The report is divided into several sections, each addressing a different aspect of content traceability.

Task Board Integration

Semantic Content Traceability integrates with the Task Board through the standard impact analysis workflow. When a construct is renamed, deleted, or structurally changed, all pages with documents edges to that construct appear in the impact preview dialog.

The architect can choose one of two workflow paths. "Proceed and Track" executes the change immediately and creates task board cards for each affected page, placed in the appropriate severity column. "Track and Resolve First" defers the change and creates planning cards in the Needs Review column, giving the team time to update documentation before the structural change takes effect.

Each generated task card includes the severity level, the affected page and construct, a direct link to the file that needs updating, and the binding source (auto or manual).
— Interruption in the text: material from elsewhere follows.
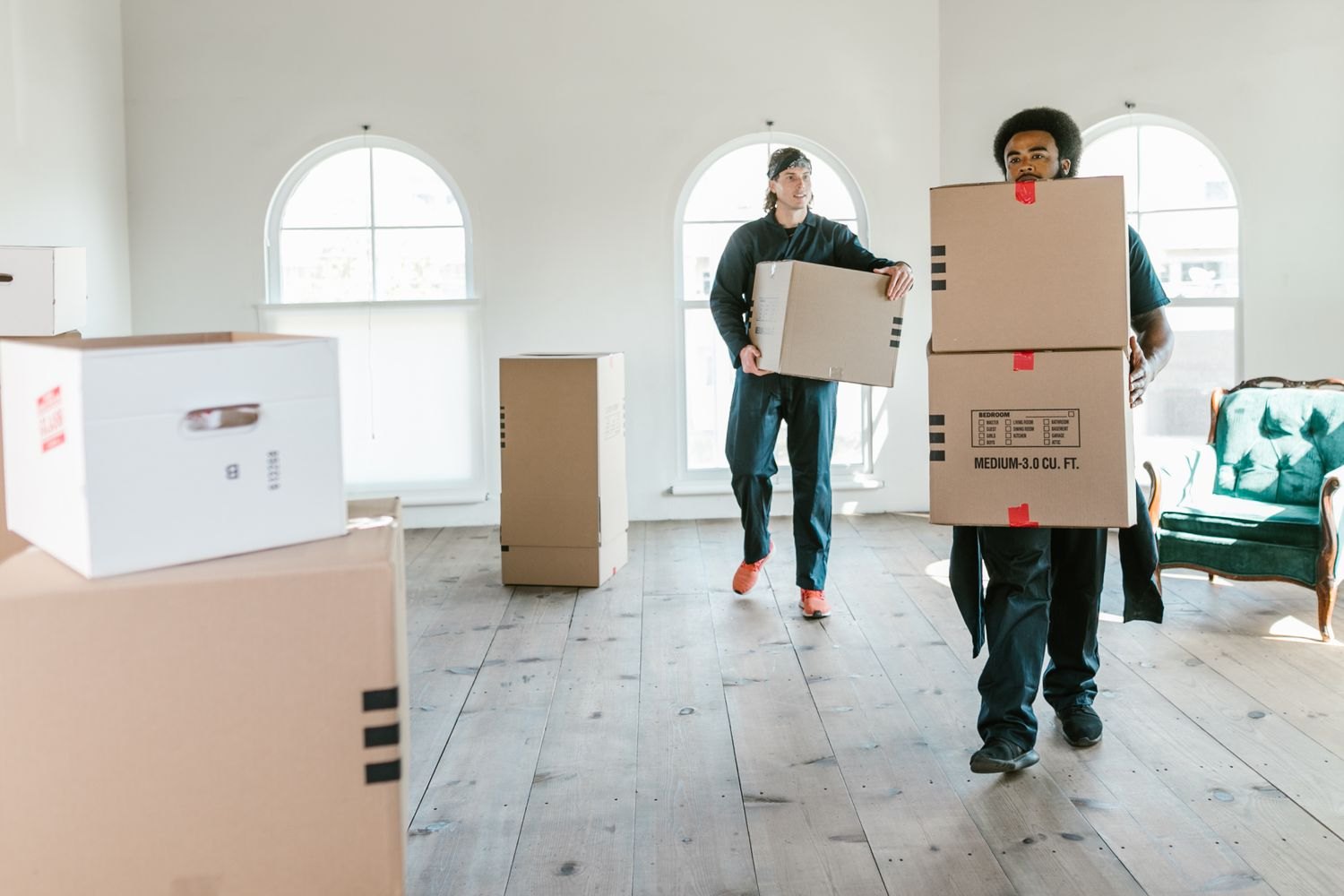 Two helpers carrying boxes through a bright room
Cards created from content traceability impacts follow the same lifecycle as any other task board card, moving through columns from identification to completion.

Coverage Scope Configuration

Not every construct type requires documentation. A workspace with hundreds of model entities might only need coverage for schemas and endpoints. The traceabilityCoverageScope setting in project.neoarc defines which construct types are included in coverage calculations.
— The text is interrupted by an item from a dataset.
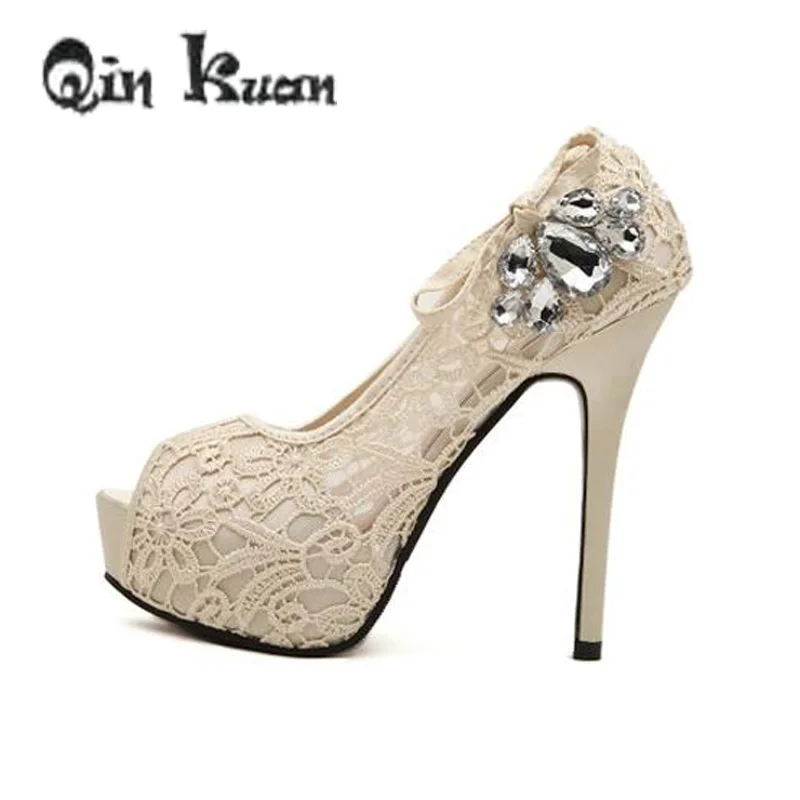 

Qin Kuan Fashion Women High Heels Pumps Shoes Ladies Peep Toe Stiletto Wedding Bridal Lace Bowtie Rhinetone Shoes Size 35-41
Supported construct types include model-entity, schema, rest-endpoint, and others registered in the Intent Graph. Only constructs matching the configured scope appear in the Coverage Overview and Unbound Constructs sections of the Content Traceability Report. This prevents coverage percentages from being diluted by construct types that your team does not intend to document.

Proactive Impact Preview

Before any destructive action executes in NeoArc Studio, the Intent Graph is traversed to identify every downstream resource that will be affected. Semantic Content Traceability extends this traversal to include documents edges. When you are about to rename an entity, delete a schema, or restructure an endpoint, the impact preview dialog shows not just the structural dependencies (diagrams, APIs, views) but also every page that documents the affected construct.

This provides proactive notification rather than reactive discovery. Instead of making a change and discovering weeks later that three documentation pages are now inaccurate, the architect sees the full documentation impact at the point of decision. They can update the pages immediately, defer the change until documentation is ready, or proceed with the change and track the documentation updates through the task board.

Summary

Semantic Content Traceability turns documentation from a disconnected artefact into a first-class participant in the architectural model. Bindings are structural and deterministic. Staleness is computed from cryptographic hashes, not estimates. Coverage is measured against a configurable scope that reflects organisational intent. And because traceability flows through the same Intent Graph, impact analysis, and task board infrastructure as every other architectural relationship, documentation maintenance becomes a managed process rather than an afterthought.